Pero hay uno de entre todo ellos que sobresale de modo notable: Joaquín Balaguer, colaborador en la vida real de Trujillo y, tras su muerte, presidente de la República Dominicana en varias ocasiones más. A través de las líneas narrativas que va tejiendo “La fiesta del chivo”, Joaquín Balaguer es, al comienzo, una figura borrosa y casi ridícula. En medio de una corte dividida entre los psicópatas y los enchufados, él pertenece a la segunda clase. Es el más débil, el más inofensivo de todos. Le llaman “el presidente fantoche”, porque actúa de hombre de paja de Trujillo. ¿Quién puede temer algo de ese casto solterón, aficionado a la poesía, metódico y ordenado en sus costumbres? Por eso, cuando se desata el caos después del atentado, nadie repara en aquel hombre silencioso que permanece en un rincón mientras los sicarios y familiares rugen pidiendo venganza. Sin embargo, ese es el momento estelar de Balaguer. Con una habilidad increíble, sortea las sospechas que se ciernen sobre él durante la caza de brujas y, poco a poco, hace valer su autoridad para enfrentarse a los berridos de los militares descerebrados y a la avaricia de los familiares.

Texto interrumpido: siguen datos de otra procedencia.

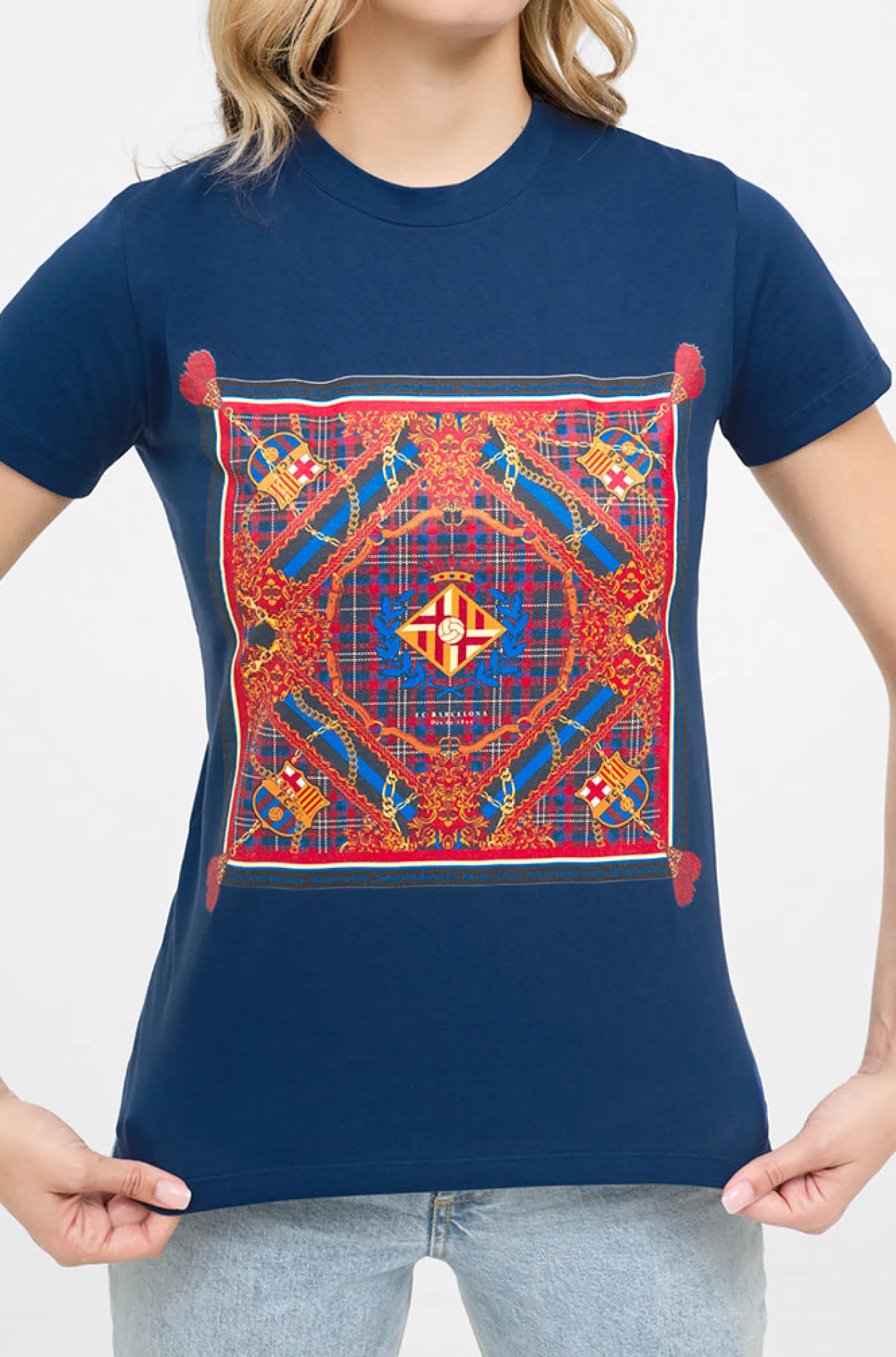 Store Camiseta Ciudad de Barcelona Mujer Camisetas Y Polos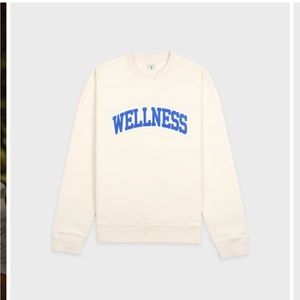 SPORTY & RICH “wellness” crewneck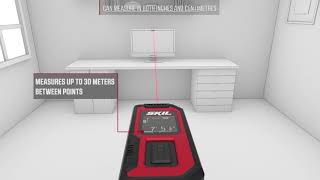 SKIL 1930 Lithium-Ion 30m laser measure with 5 measuring modes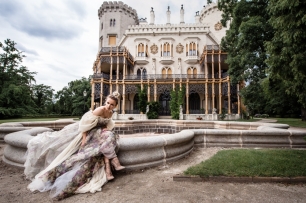 Замок Глубока-Над-Влтавой, Чехия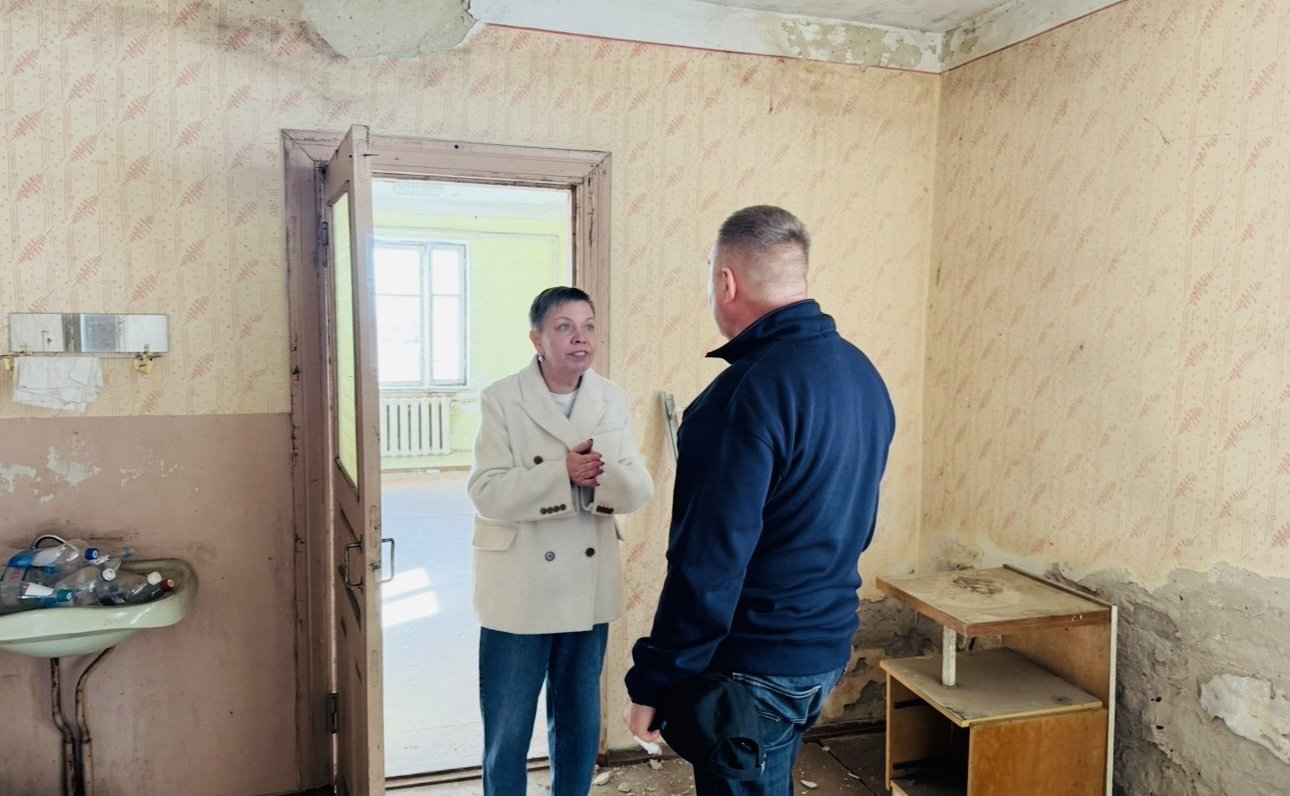 Игорь Кастюкевич посетил объекты здравоохранения в Верхнерогачикском районе Херсонской области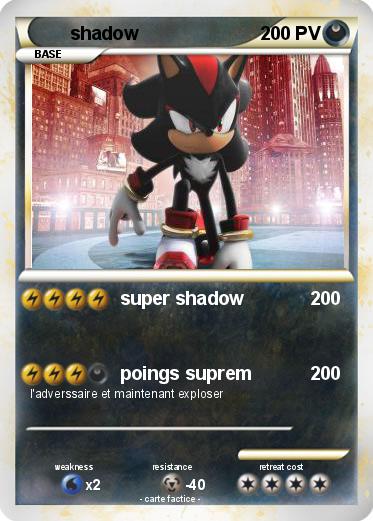 Pokemon shadow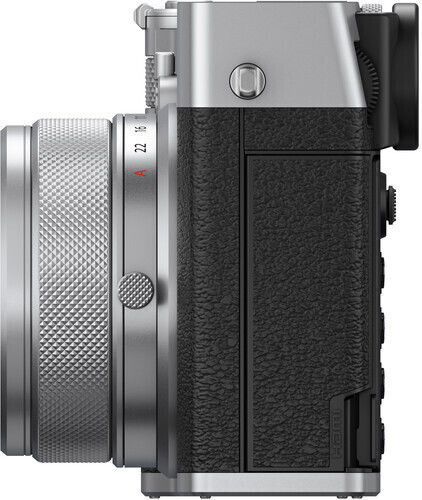 Fujifilm GFX100RF Kompaktkamera 102MP Silber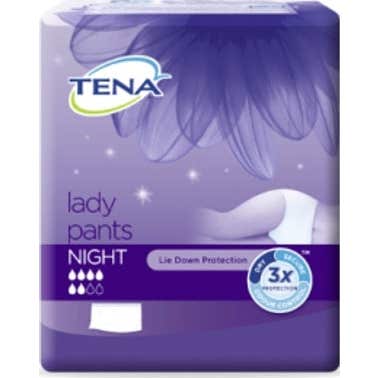 Tena Lady Pants Night Large 7 uds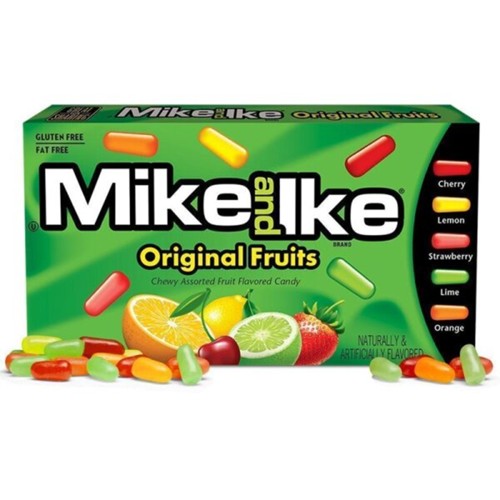 Mike Ike Original Fruits 141g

Vargas Llosa, con mano maestra, empieza a bordar el protagonismo de un personaje en apariencia secundario, que se revela como un auténtico hombre de estado.

Muchas cosas se han dicho de “La fiesta del chivo”. Pero tal vez el mayor acierto de Vargas Llosa en una de sus novelas más completas, si no la mejor, sea la creación de Balaguer, un individuo misterioso, hermético, al que todos menosprecian por su carácter tranquilo, pero acaban respetando por su inteligencia para manipular a unos y otros sin que nadie le ponga la mano encima. Sus intenciones son nobles o, al menos, es lo que el lector quiere creer. Es un individuo tan reservado que hasta los mismos lectores de la novela se preguntan qué es realmente lo que le mueve. Pero no cabe dudar de su valentía ni de su serenidad en las situaciones más difíciles.

Tampoco Balaguer olvida el pragmatismo que imponen las circunstancias: tiene que ignorar las atrocidades que los sicarios de Trujillo cometen a sus espaldas mientras él va hablando con unos y otros para destruir desde dentro el régimen dictatorial. Solo al final, cuando consiga eliminar pacíficamente a todos sus rivales, llegará a condecorar a los supervivientes de la represión. Con prudencia (porque es consciente de su debilidad inicial), Balaguer va desmantelando el aparato represivo creado por Trujillo, recompone las relaciones con la Iglesia católica, se acerca a Estados Unidos y se termina ganando a la opinión pública. Su idea, como repite una y otra vez cuando es dueño de la situación, es llevar al país a la democracia.

Aunque la realidad histórica fue algo más compleja, la novela deja con un final “feliz” al presidente Balaguer, iluminado por los flashes de la prensa internacional. He aquí, pues, la lección con que concluye el devenir peligroso de un político civilizado en un medio hostil. Solo gracias a la firmeza unida a la prudencia, y (cómo no) a una pizca de buena suerte, ese héroe gris que es Joaquín Balaguer consigue vencer a sus enemigos.